→ What needs to be done
Set down all of the entries below exactly, and omit the pictures.

→ Scraped caption text data
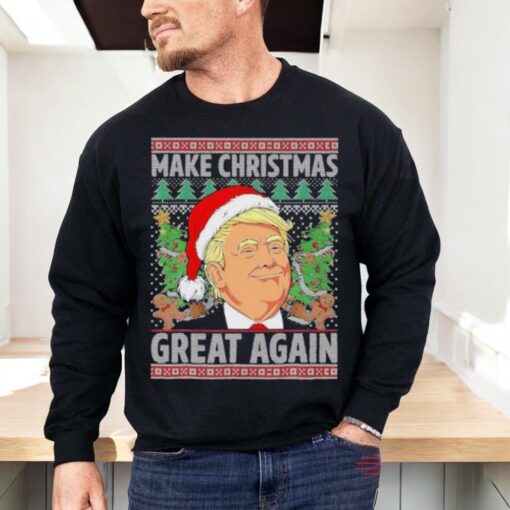 Trump 2025 Make Christmas Great Again Ugly Christmas Sweaters Shirt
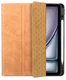 Rosso Elite iPad Air 11 (24/25/26) Hoes 2-in-1 Echt Leer Book Case Lichtbruin afbeelding 8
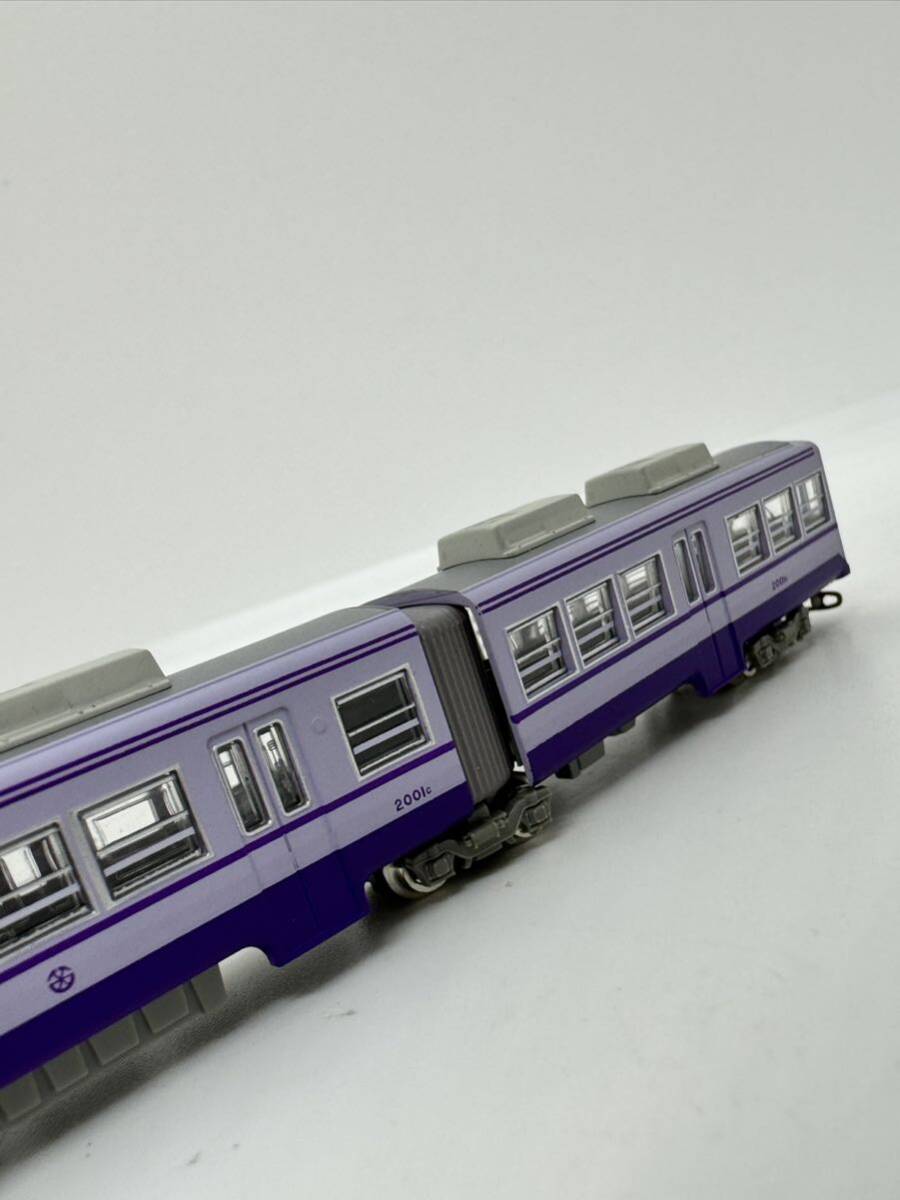美品 TOMYTEC トミーテック 筑豊電気鉄道2000形 2001号 紫 ジオラマ用品 鉄道模型 Nゲージ コレクションの画像6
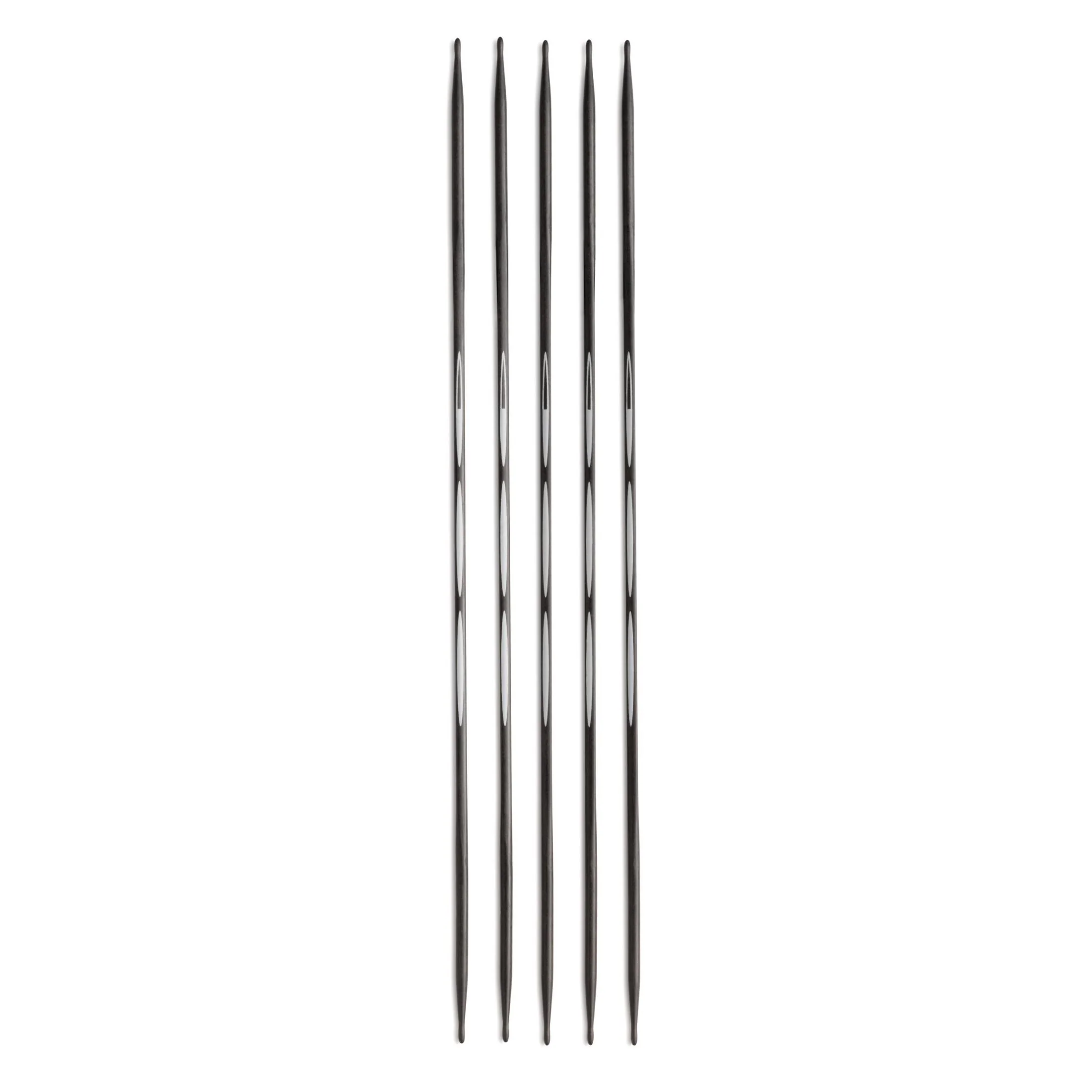 8" Ergonomic Double Point Knitting Needles, Carbon - Image 4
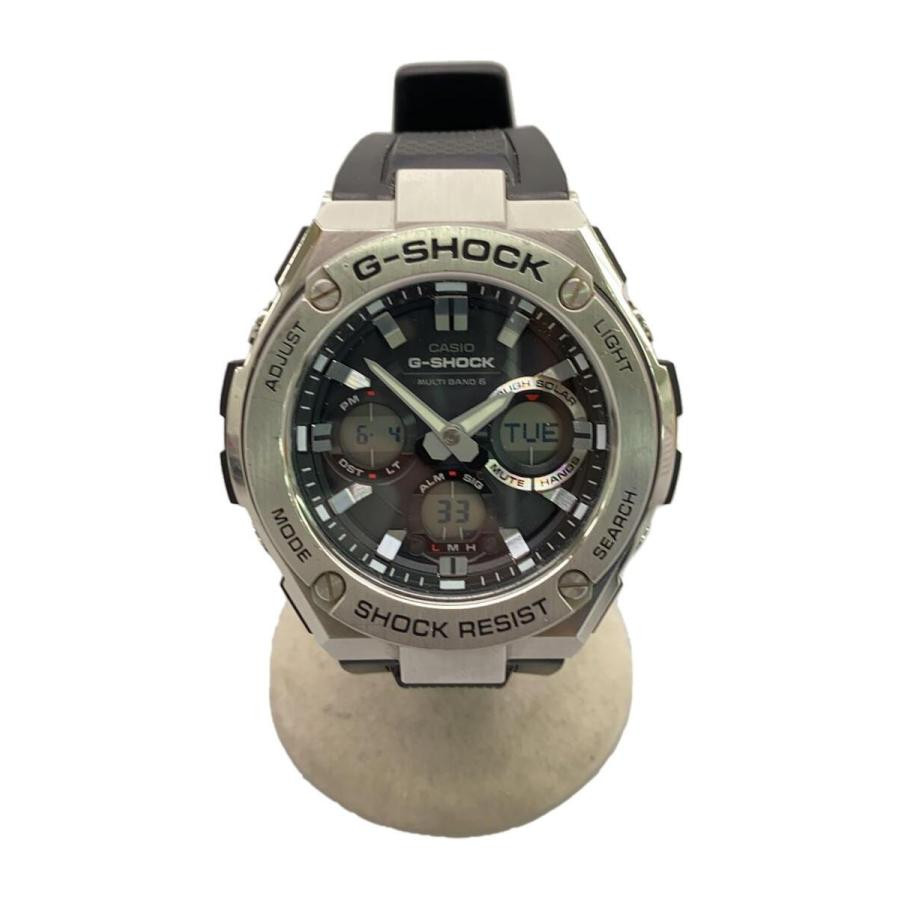 CASIO GST-W110 Black Case Size 5.9 ×5.2cm Used Watch #27154 | eBay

→ Solution for this problem
 Trump 2025 Make Christmas Great Again Ugly Christmas Sweaters Shirt
 Rosso Elite iPad Air 11 (24/25/26) Hoes 2-in-1 Echt Leer Book Case Lichtbruin afbeelding 8
美品 TOMYTEC トミーテック 筑豊電気鉄道2000形 2001号 紫 ジオラマ用品 鉄道模型 Nゲージ コレクションの画像6
 8" Ergonomic Double Point Knitting Needles, Carbon - Image 4
 CASIO GST-W110 Black Case Size 5.9 ×5.2cm Used Watch #27154 | eBay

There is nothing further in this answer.